У мистера Во экономная манера повествования. Его портреты, особенно Джона Бивера и неугомонной миссис Бивер, которая занимается новомодным ремеслом, носящим название «дизайн интерьера», намечены несколькими по-кошачьи нежными штрихами. Во дорожит своим временем и временем читателя.
New Statesman, 1934, September 15, р. 329
Brideshead Revisited. — Boston: Little Brown & Co, 1946
«Я хочу рассказать вам о памяти, которая окрыляла массы», — говорит повествователь в новой книге поразительного английского сатирика 1920–1930-х годов Ивлина Во, которая называется «Возвращение в Брайдсхед». В этом глубоко прочувствованном и тщательно написанном произведении автор переходит из одного мира в другой, большой, мир: из безумного и шутовского Мейфэра, где упрощается все и вся, из мира забав, где все серьезное превращается в фарс, в мир, где мысли и чувства людей заслуживают доверия. Можно спорить о том, так ли искусен роман «Возвращение в Брайдсхед» с формальной точки зрения, как другие его книги — «Упадок и разрушение», «Мерзкая плоть» и «Пригоршня праха». Сейчас важно то, что книга значительнее и богаче и, скорее всего, это лучший по содержанию и стилю роман, появившийся в последнее десятилетие. Говорю это для тех почитателей Во, которые могли подумать, что он исписался. Важно и то, что книга подспудно свидетельствует об авторе и его росте как аналитика и художника.
Ивлин Во, несомненно, гениальный по точности и ясности художник, с которым не сравнится никто из современных англоязычных прозаиков. Это было очевидно с самого начала его писательской карьеры, и «Возвращение в Брайдсхед», отличаясь от всех предыдущих произведений совершенно особой интонацией, манерой изложения, местом действия, тем не менее, стал логическим продолжением выбранного пути.
«Возвращение в Брайдсхед» обладает той силой и глубиной, которые характеризуют Во как искусного писателя, находящегося на пике творчества, поражающего живым умом, не потерявшего ничего из уже достигнутого. Захватывающая история изложена образным языком. Так или иначе в ней подытожено и прокомментировано все характерное для нашего времени и общества. Почти романтическое ощущение чуда сочетается с дерзкими суждениями писателя-реалиста. Одним словом, это большой содержательный роман, открывающий сезон 1946 года; роман, выполненный с совершенством, превосходящий другие романы уходящего года, несмотря на их разнообразные достоинства.
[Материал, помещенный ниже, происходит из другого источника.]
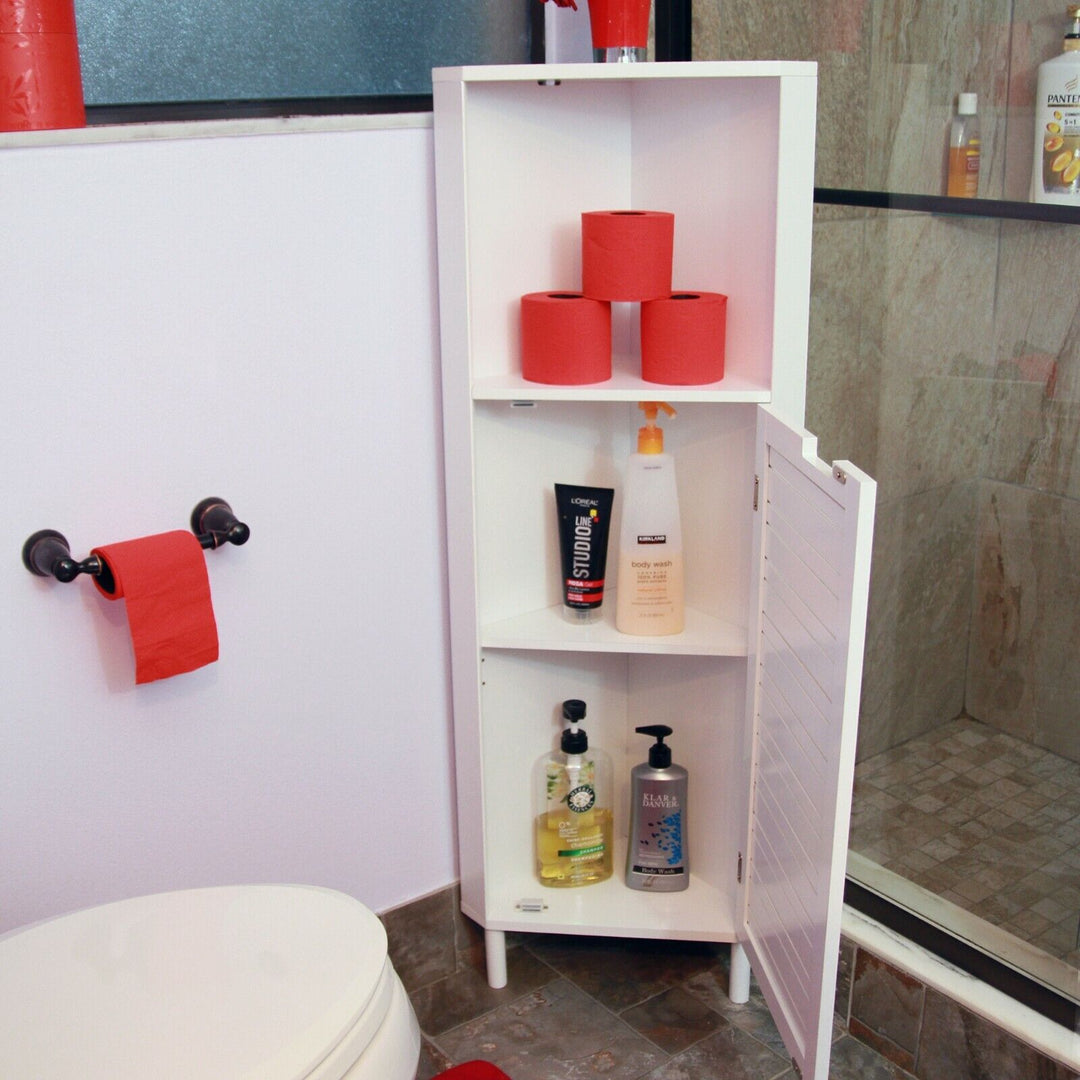 Triangle Mini Bathroom Toilet Rack | Furniture | Waseeh Pakistan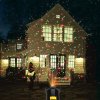 Vianoce - vianočné dekorácie - vianočné projektovej svetlo s pohybujúcimi hviezdy - vianočné osvetlenie - led osvetlenie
От прежнего Во остается Во-моралист. Автор книги, безусловно, моралист, каковым был всегда. Если поглубже вглядеться в изображение веселой жизни Мейфэра, мы увидим, что автор выполняет древнюю функцию сатирика — подвергает суровой критике нравы и нормы общества. Излишне говорить, что он слишком крупный художник (и тонкий шутник, умеющий развлечь читателей), чтобы заниматься нравоучением. Избежать этого, однако, не удается, и сатирик все равно расправляется с абсурдом жизни, в том числе и с пустопорожними обычаями, а моралист ненавидит несправедливость и уверен в ценности разума и элементарной порядочности.
Если, помимо «Возвращения в Брайдсхед», вы читали другие вещи Во, то поняли, что, начиная с первой книги («Упадок и разрушение»), он был отлично оснащен для жанра общественной сатиры. Уже тогда он прекрасно знал, о чем говорит: мы имеем сведения из первых рук от человека, который жил в этом мире и, пожалуй, даже был его частью. Он пишет так, что его колкие остроты поражают жертву или пронзают ее насквозь, как того требуют обстоятельства. Его перо работает безупречно и быстро. Вы переходите от предложения к предложению, ощущая почти чувственное удовольствие от его умения подобрать точное слово, особую деталь для характеристики человека или места, восхищаясь его замечательным чутьем на все нелепое и смешное. Прочитав первые две страницы «Упадка и разрушения», мы понимаем, по меньшей мере, то, что в литературу пришел первоклассный мастер фарса:
…Ветераны-боллинджеровцы стекались в Оксфорд со всех концов Европы. Второй день тянулась кавалькада припадочных монархов в отставке, неуклюжих сквайров из обветшалых родовых поместий, проворных и переменчивых, как ветер, молодых дипломатов из посольств и миссий, полуграмотных шотландских баронетов из сырых и замшелых гранитных цитаделей…[219]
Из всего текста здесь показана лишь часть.